Divine attributes as the great ideal to be attained

Just a belief in the Unity of God is a source of man’s uplift, making him conscious of the dignity of human nature, and inspiring him with the grand ideas of the conquest of nature and of the equality of man with man, so the numerous attributes of the Divine Being, as revealed in the Holy Qur’an, are really meant for the perfection of human character. The Divine attributes really serve as an ideal to which man must strive to attain. God is Rabb al- ‘alamin, the Fosterer and Nourisher of the worlds; keeping that as an ideal before himself, man must endeavour to make the service of humanity, even that of dumb creation, the object of his life. God is Rahman, conferring benefits on man and showing him love without his having done anything to deserve it; the man who seeks to attain to perfection must do good even to those of his fellow-men from whom he has not himself received, and does not expect to receive, any benefit. God is Rahim, making every good deed bear fruit; man must also do good for any good that he receives from another. God is Malik, requiting evil, not in a spirit of vengeance or even of unbending justice, but in a spirit of forgiveness, in the spirit of a master dealing with his servant; so must man be forgiving in his dealings with others, if he will attain to perfection.
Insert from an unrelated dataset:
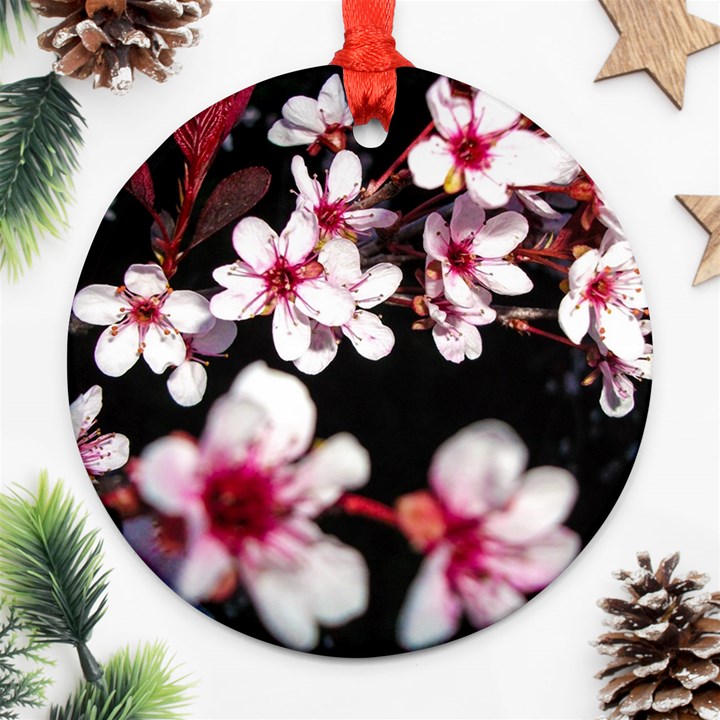 Morning Sunrise 2 Ornament (Round)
The above are the four chief attributes of the Divine Being, and it is easily seen how they serve as ideals for man. So it is with all His other attributes. Take, for example, those of love and mercy. God is Affectionate, Loving, Kind, Benignant, Oft-returning to mercy, Forbearing, Pardoner, Multiplier of rewards, Author of peace, Granter of security, Restorer of loss, Benign, Exalter of ranks, Ample-giving, Bestower of sustenance and so on; all this man must also try to be. Again let us take His attributes of knowledge. God is Knowing, Wise, Aware, Seeing, Watcher, Knower of hidden things; man must also try to perfect his knowledge of things and acquire wisdom. In fact, where man is spoken of as having been made a vicegerent of God, his chief characteristic, that which marks him out as the ruler of creation, is stated to be a knowledge of things. And as regards wisdom, the Holy Qur’an says that the Holy Prophet was raised to teach wisdom. Then there are His attributes of power and greatness and control of all things; even the angels are commanded to make obeisance to man, showing that man is destined to exercise control over them too. Man is told again and again that everything in the heavens and in the earth has been made subservient to him. It is true that man’s love, mercy, knowledge, wisdom, and control of things are all insignificant as compared with their Divine models, but however imperfectly he may achieve it, the fact remains that he has before him the ideal of Divine morals, which he must try to imitate.